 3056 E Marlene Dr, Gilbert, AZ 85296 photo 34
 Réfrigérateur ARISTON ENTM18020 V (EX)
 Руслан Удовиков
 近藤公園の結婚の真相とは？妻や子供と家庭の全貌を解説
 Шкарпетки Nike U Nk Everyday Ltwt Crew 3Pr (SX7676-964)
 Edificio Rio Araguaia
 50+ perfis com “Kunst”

::::::::

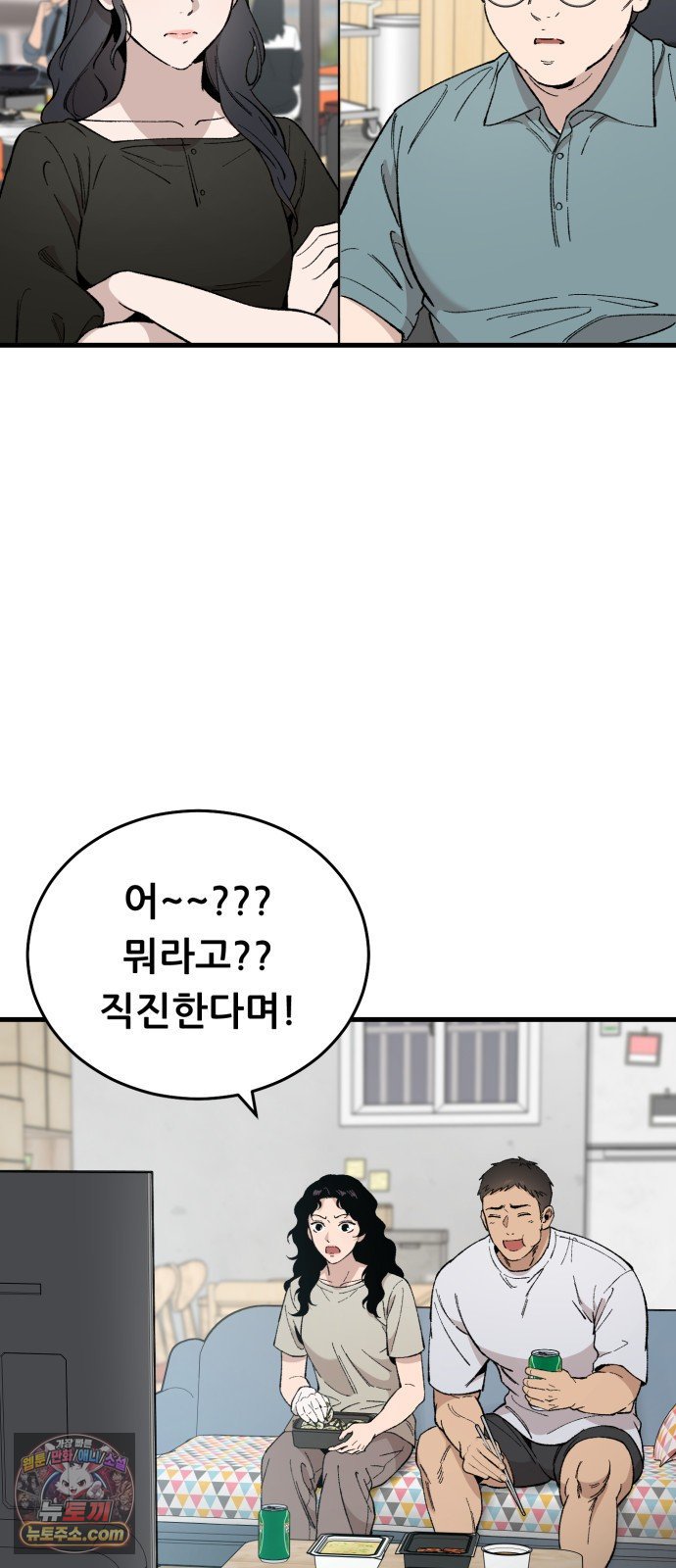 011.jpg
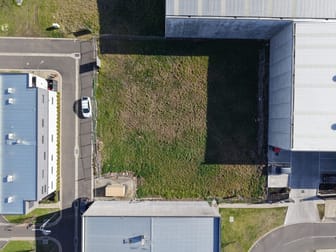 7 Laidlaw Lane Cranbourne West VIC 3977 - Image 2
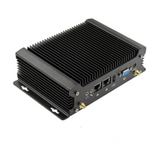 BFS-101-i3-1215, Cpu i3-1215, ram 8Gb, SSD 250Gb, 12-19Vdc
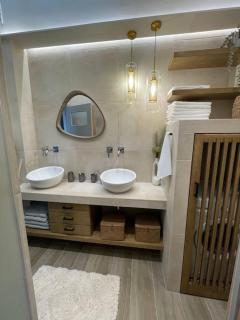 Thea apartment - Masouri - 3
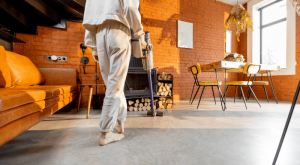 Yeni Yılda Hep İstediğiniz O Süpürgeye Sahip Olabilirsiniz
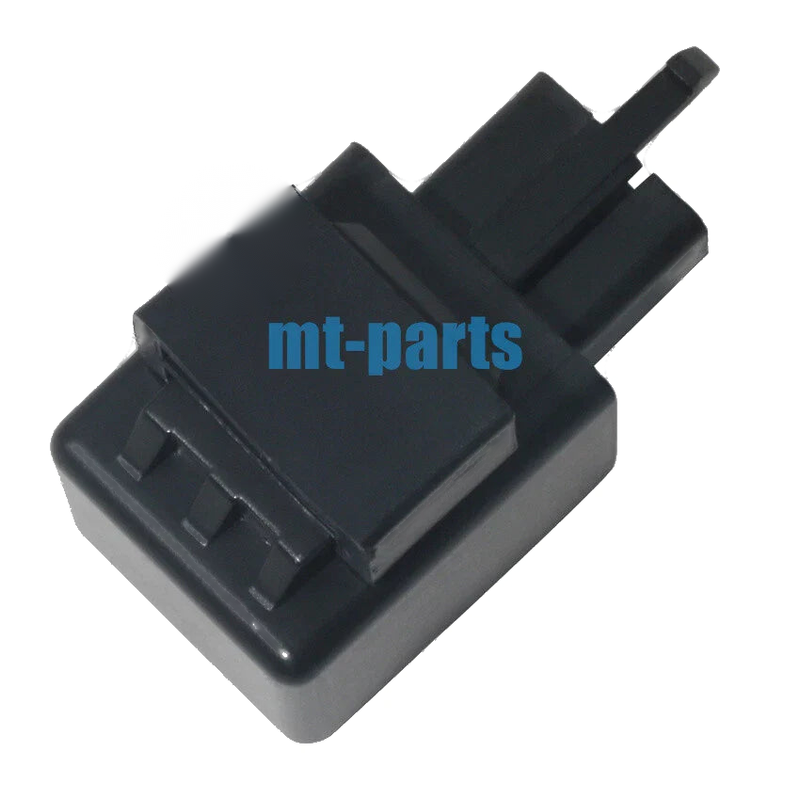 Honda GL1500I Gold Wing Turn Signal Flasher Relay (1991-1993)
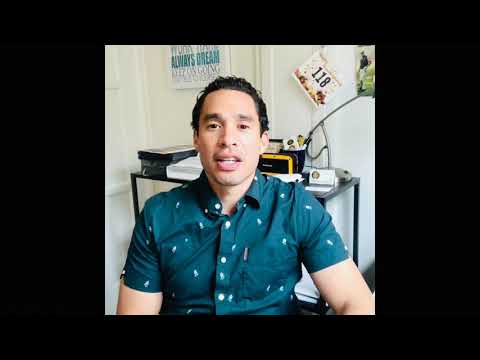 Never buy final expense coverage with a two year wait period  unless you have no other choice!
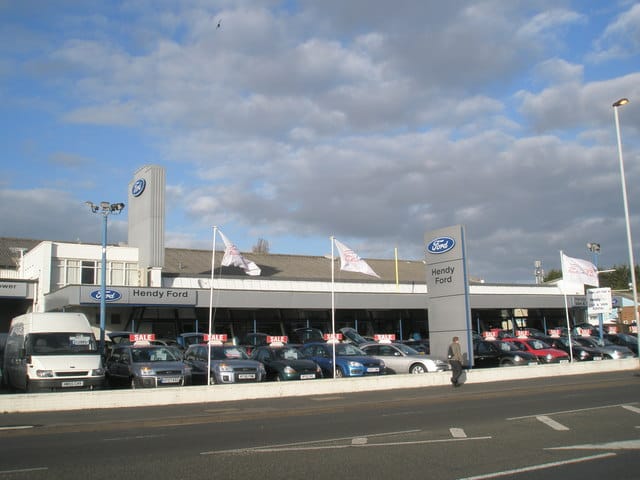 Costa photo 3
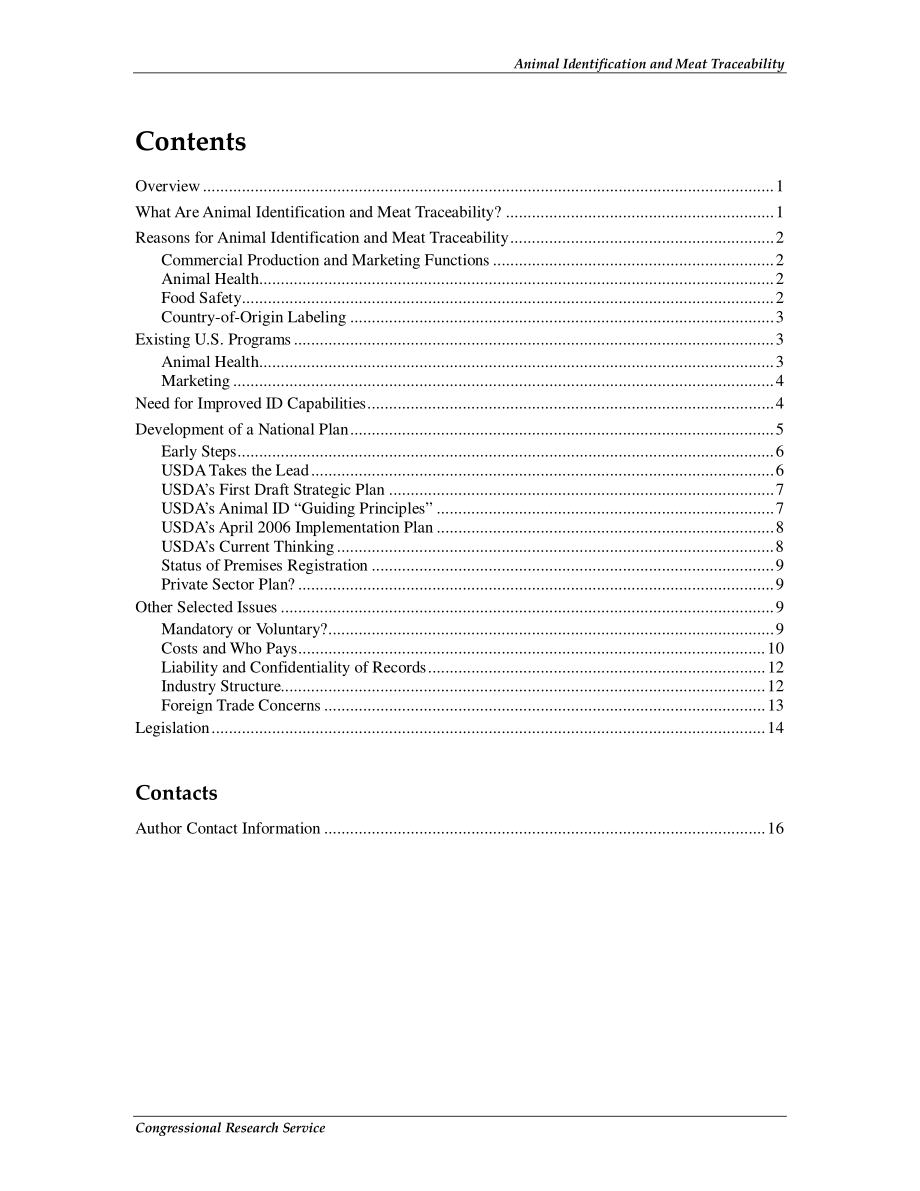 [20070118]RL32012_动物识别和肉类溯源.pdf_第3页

::::::::

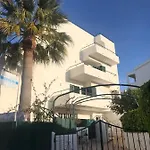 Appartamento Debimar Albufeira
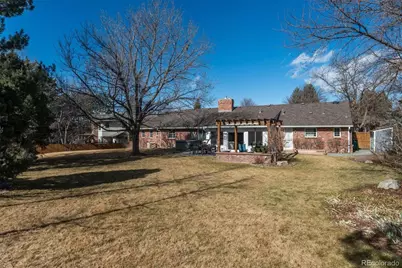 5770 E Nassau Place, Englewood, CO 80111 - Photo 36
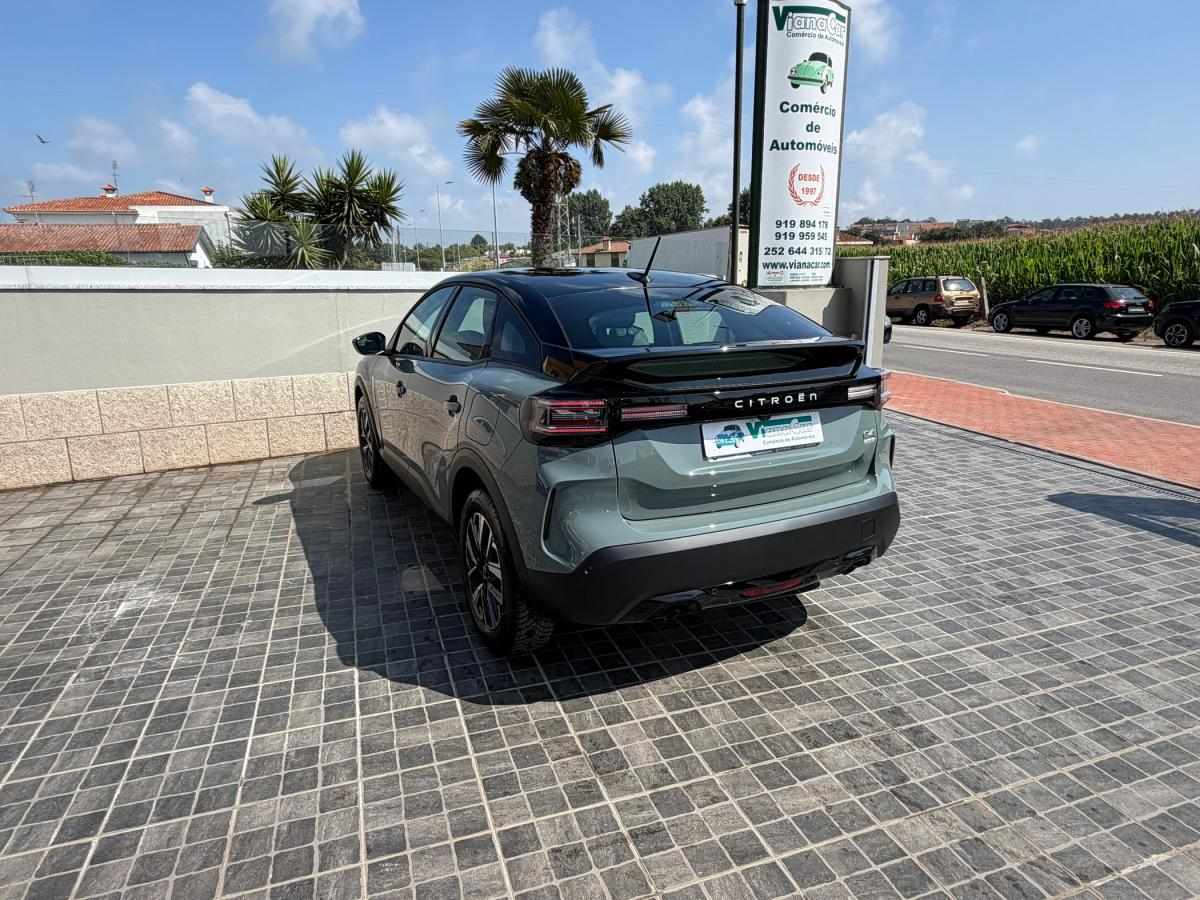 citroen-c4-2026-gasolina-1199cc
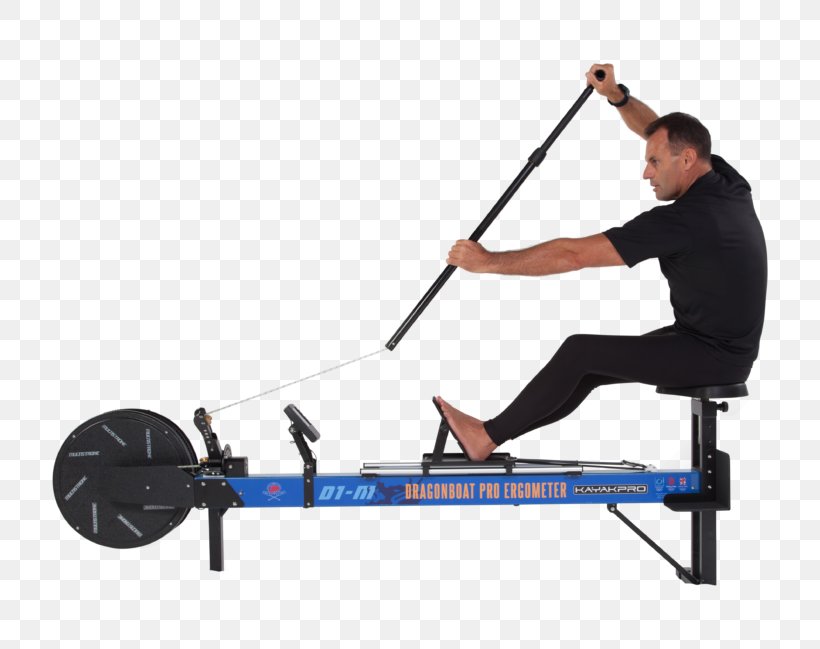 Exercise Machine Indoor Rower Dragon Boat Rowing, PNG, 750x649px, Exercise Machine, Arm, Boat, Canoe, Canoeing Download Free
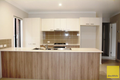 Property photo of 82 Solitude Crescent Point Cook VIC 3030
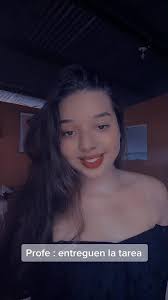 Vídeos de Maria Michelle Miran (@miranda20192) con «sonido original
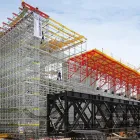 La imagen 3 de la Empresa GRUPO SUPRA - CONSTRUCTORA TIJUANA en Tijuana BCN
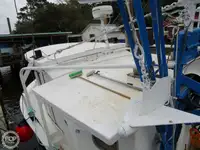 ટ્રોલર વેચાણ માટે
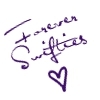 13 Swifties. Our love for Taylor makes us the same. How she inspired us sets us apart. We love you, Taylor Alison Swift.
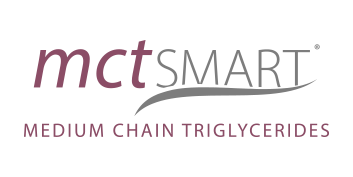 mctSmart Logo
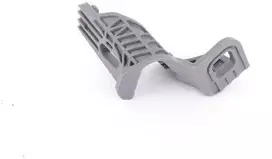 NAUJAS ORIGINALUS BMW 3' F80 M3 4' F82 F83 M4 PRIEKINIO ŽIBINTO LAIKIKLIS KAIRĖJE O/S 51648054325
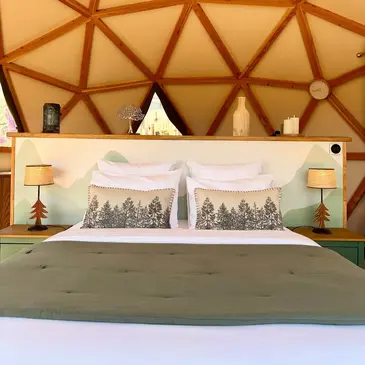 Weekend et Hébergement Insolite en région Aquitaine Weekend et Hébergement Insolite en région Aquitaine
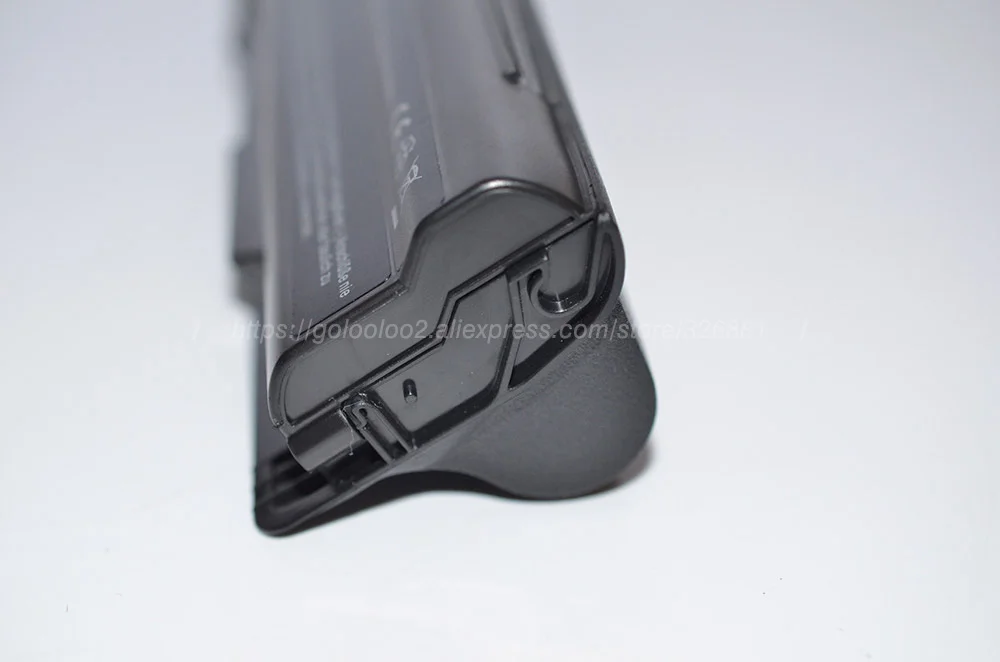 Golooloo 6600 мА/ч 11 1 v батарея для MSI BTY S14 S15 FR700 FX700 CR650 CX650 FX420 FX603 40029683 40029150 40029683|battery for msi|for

::::::::

Would you copy out, exactly and with no pictures, only the lines above from the one that contains "La imagen 3" through the one that contains "Golooloo 6600 мА/ч"?

→ WRITTEN ANSWER
 La imagen 3 de la Empresa GRUPO SUPRA - CONSTRUCTORA TIJUANA en Tijuana BCN
 ટ્રોલર વેચાણ માટે
 13 Swifties. Our love for Taylor makes us the same. How she inspired us sets us apart. We love you, Taylor Alison Swift.
 mctSmart Logo
 NAUJAS ORIGINALUS BMW 3' F80 M3 4' F82 F83 M4 PRIEKINIO ŽIBINTO LAIKIKLIS KAIRĖJE O/S 51648054325
 Weekend et Hébergement Insolite en région Aquitaine Weekend et Hébergement Insolite en région Aquitaine
 Golooloo 6600 мА/ч 11 1 v батарея для MSI BTY S14 S15 FR700 FX700 CR650 CX650 FX420 FX603 40029683 40029150 40029683|battery for msi|for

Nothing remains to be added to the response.